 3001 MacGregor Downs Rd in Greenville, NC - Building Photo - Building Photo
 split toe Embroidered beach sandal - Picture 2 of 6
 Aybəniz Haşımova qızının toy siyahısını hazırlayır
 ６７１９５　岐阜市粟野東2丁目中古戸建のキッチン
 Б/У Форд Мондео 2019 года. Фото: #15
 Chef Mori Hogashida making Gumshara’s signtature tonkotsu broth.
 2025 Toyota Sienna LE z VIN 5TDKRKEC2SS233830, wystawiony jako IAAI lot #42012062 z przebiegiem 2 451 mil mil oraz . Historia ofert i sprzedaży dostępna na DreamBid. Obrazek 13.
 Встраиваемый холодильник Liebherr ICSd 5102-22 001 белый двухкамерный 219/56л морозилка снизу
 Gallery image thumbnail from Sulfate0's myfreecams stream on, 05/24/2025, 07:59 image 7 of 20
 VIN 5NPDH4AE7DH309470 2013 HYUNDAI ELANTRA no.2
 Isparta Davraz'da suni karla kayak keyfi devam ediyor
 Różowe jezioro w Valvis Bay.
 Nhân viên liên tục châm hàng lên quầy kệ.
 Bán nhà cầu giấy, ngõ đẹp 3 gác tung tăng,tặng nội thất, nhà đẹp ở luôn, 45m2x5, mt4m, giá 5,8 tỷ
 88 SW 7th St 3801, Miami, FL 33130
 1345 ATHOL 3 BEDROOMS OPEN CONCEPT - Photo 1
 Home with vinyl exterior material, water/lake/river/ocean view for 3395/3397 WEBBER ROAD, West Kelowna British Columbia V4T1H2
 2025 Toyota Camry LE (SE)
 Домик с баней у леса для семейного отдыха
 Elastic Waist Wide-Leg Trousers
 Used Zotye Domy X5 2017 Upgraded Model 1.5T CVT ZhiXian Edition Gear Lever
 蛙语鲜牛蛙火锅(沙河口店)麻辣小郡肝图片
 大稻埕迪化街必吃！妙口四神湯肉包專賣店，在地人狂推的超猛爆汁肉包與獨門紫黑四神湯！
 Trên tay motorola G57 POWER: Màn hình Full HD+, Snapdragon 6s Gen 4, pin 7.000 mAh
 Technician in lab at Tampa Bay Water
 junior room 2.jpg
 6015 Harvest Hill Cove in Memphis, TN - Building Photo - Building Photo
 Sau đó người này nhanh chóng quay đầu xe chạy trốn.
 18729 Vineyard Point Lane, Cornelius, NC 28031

**The problem:** Which lines in the data hold the string "Toyota"? Copy each of them.

**Task result:**
 2025 Toyota Sienna LE z VIN 5TDKRKEC2SS233830, wystawiony jako IAAI lot #42012062 z przebiegiem 2 451 mil mil oraz . Historia ofert i sprzedaży dostępna na DreamBid. Obrazek 13.
 2025 Toyota Camry LE (SE)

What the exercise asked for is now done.